Department of Mathematics Syllabus

This syllabus is advisory only. For details on a particular instructor's syllabus (including books), consult the instructor's course page. For a list of what courses are being taught each quarter, refer to the Courses page.

MAT 250B: Algebra

Approved: 2015-11-01, Greg Kuperberg and Brian Osserman
Winter, every year; 4 units; lecture/term paper or discussion
Suggested Textbook: (actual textbook varies by instructor; check your instructor)
250A or consent of instructor.
Suggested Schedule:

S 6.1, 6.4: Left and right modules, group representations as modules, free and projective modules (vs definition of injective), module presentations (4-5 lectures)

S 8.1, 8.3, 8.4: Classification of finitely generated modules over a PID, infinitely generated modules, Jordan canonical form, Smith normal form (3-4 lectures)

Optional: Inverse and direct limits of modules, Noetherian and Artinian modules, Jordan-Holder theorem for modules (0-4 lectures)

S 6.6: Tensor product of a left module and a right module, tensor products over commutative rings, tensor products of vector spaces with bases, definition of an algebra and tensor products of algebras, (4-6 lectures)
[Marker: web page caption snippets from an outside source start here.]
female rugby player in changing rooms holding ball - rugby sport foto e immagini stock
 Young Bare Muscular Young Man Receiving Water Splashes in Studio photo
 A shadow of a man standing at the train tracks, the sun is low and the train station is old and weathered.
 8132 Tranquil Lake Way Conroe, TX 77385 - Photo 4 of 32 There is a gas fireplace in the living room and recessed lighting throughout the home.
Optional: S 6.8: Flat modules (0-2 lectures)

S 8.5, 8.6: Bilinear forms, dual of a vector space** (Ex. 2.83), tensor, symmetric, and exterior algebras over a free module (in particular over a vector space), relation to multilinear functions (3-4 lectures)

S 2.9, 3.1-3.2: Fields as quotient rings, classification of finite fields, algebraic and Galois field extensions (including separable vs. inseparable), fundamental theorem of Galois theory, solvability by radicals, algebraic closure* (S 5.4.3), transcendence degree* (S 5.4.5) (9-12 lectures)

Optional: S 3.3: Calculation of Galois groups (0-3 lectures)

Total: 23-40 lectures

* These appear in the book in later, more advanced contexts. The instructor can follow a different treatment.

** These essential points are given as exercises. The instructor can follow a different treatment.

Additional Notes:

Rotman is a thick book with easy sections that can be accelerated and difficult sections that should not be covered completely. Proofs of some of the harder results listed in the syllabus can be taken as optional.

Rotman bases his presentation of homological algebra on derived functors. However, one can skip this machinery in subsequent sections, particularly by assuming existence results. For instance, axioms characterizing Ext and Tor are stated without reference to derived functors.